Assigned task:
Transcribe exactly the line that contains "REXBETI Folding Saw" and every line after it through the end of the records, with nothing else.

Data:
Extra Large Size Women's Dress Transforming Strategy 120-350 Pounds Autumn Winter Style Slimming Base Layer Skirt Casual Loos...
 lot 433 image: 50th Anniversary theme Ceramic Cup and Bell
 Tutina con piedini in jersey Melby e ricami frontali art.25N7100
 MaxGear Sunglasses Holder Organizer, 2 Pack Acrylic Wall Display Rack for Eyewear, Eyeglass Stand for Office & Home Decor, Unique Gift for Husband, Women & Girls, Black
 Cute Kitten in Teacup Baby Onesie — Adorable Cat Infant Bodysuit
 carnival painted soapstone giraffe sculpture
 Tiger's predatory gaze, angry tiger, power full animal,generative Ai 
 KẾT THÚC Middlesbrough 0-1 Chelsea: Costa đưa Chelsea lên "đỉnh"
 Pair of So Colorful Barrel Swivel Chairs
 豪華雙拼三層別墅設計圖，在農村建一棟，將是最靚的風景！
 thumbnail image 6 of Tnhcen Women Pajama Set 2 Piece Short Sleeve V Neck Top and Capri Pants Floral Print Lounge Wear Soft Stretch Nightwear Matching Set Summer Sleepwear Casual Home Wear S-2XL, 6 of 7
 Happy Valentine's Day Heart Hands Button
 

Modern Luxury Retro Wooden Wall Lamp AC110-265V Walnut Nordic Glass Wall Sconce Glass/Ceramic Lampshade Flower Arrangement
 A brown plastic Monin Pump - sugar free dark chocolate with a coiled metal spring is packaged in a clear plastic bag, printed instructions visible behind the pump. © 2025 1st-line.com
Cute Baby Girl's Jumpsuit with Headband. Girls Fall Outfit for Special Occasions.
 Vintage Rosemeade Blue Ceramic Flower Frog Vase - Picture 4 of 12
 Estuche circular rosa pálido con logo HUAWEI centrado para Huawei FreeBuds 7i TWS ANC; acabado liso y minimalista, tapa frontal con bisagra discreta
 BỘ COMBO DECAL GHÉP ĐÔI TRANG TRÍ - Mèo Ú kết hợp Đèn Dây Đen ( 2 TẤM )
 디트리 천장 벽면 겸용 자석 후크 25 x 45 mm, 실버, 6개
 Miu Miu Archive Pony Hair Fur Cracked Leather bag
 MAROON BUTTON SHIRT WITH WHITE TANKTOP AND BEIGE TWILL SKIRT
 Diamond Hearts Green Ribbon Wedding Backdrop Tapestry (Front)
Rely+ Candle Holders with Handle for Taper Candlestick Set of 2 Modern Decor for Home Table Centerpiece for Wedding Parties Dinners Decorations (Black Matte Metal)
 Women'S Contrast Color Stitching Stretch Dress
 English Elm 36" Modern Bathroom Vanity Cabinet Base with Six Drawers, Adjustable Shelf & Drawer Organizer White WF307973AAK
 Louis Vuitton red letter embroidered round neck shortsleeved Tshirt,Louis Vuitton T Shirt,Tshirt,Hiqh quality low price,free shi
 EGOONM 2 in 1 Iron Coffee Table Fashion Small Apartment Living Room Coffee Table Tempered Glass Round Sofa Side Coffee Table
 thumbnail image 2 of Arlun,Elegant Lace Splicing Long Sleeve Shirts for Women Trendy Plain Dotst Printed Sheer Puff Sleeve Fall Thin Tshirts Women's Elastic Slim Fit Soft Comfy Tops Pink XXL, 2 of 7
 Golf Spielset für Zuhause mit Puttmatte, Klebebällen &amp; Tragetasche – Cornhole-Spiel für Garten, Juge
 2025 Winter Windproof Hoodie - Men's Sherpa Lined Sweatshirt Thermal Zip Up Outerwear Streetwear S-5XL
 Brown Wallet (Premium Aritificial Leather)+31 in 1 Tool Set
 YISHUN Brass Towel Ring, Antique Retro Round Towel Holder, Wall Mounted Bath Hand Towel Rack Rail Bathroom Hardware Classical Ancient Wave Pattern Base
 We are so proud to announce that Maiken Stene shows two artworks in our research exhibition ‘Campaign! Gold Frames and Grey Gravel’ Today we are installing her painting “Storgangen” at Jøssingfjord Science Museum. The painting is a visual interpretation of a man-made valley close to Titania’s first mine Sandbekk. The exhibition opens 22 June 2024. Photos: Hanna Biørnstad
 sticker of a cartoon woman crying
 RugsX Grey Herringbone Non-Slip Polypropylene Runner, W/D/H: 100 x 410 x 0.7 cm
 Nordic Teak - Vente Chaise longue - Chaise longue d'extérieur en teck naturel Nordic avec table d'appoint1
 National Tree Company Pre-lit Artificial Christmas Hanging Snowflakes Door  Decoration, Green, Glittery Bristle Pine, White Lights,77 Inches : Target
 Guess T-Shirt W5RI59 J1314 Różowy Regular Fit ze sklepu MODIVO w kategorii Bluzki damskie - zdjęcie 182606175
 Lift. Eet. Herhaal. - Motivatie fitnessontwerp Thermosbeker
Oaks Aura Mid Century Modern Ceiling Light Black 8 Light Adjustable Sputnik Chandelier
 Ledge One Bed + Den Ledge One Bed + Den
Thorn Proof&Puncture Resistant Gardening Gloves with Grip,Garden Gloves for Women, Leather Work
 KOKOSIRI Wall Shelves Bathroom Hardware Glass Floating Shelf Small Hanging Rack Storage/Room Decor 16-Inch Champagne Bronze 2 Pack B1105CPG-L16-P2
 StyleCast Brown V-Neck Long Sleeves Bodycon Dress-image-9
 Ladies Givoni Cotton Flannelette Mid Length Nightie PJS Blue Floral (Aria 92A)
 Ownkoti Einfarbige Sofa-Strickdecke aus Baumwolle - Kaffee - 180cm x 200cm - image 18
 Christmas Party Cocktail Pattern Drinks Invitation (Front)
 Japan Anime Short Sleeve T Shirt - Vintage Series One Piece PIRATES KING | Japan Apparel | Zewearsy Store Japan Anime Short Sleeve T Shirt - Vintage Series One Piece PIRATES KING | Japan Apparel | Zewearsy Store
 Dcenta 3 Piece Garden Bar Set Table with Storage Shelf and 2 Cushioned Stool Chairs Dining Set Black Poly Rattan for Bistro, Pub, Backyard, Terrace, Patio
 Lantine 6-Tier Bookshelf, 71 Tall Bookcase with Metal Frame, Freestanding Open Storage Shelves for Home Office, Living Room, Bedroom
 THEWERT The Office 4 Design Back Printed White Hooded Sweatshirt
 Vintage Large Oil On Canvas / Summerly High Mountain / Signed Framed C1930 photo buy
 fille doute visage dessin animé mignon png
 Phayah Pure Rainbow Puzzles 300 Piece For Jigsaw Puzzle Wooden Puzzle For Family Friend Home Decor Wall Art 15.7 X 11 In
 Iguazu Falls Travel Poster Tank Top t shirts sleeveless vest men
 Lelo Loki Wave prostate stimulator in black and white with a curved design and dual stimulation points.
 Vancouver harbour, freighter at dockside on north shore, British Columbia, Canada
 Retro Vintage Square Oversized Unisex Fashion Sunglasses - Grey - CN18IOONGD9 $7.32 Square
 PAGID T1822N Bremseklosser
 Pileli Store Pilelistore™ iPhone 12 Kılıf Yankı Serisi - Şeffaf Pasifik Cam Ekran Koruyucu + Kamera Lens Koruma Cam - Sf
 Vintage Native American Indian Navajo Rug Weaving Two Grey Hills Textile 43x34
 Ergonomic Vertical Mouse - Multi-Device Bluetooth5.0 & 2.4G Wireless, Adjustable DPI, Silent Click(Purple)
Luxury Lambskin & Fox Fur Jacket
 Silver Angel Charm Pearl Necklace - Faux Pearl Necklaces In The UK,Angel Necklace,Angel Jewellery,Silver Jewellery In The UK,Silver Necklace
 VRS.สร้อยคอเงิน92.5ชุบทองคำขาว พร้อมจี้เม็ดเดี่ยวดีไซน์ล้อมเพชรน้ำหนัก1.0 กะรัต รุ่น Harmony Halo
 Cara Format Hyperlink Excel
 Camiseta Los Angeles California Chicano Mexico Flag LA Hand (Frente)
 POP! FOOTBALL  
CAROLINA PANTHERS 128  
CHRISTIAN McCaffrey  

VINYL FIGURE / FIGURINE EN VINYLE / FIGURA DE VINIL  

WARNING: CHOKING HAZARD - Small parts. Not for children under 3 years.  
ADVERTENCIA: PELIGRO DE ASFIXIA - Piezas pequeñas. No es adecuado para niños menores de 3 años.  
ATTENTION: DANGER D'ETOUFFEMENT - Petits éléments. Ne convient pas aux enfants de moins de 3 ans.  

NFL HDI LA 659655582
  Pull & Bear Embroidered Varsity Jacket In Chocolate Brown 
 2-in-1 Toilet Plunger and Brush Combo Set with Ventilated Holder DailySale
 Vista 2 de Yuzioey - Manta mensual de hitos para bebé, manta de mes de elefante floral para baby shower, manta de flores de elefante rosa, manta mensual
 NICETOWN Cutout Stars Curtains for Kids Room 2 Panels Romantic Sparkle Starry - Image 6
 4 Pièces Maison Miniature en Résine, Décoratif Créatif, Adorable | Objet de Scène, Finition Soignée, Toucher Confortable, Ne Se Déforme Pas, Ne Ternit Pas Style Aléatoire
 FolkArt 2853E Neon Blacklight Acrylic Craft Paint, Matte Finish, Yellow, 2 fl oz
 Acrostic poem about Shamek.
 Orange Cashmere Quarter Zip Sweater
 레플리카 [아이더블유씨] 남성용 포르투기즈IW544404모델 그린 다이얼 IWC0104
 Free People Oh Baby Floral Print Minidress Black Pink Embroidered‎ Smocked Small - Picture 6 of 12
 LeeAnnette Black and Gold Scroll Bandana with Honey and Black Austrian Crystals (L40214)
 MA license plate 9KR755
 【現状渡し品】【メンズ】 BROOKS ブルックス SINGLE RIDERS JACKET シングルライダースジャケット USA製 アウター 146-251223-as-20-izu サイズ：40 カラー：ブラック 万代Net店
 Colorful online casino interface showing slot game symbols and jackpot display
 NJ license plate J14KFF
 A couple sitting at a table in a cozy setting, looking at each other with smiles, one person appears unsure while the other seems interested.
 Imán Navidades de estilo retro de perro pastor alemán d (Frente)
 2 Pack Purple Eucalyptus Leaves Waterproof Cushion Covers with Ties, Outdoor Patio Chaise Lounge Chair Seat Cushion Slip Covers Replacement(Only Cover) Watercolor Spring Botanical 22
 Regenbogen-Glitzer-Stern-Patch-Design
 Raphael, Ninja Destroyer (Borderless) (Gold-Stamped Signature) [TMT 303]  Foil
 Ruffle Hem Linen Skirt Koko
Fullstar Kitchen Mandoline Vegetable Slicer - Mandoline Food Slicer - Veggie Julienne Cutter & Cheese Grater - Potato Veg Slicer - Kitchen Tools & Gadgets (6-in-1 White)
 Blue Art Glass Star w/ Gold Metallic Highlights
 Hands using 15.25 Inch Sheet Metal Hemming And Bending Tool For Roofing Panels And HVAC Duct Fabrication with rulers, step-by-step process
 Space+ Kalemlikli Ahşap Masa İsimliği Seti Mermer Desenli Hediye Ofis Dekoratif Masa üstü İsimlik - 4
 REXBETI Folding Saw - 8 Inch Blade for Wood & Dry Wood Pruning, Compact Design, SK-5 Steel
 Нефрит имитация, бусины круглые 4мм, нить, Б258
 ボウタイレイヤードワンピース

Reply to the task:
 REXBETI Folding Saw - 8 Inch Blade for Wood & Dry Wood Pruning, Compact Design, SK-5 Steel
 Нефрит имитация, бусины круглые 4мм, нить, Б258
 ボウタイレイヤードワンピース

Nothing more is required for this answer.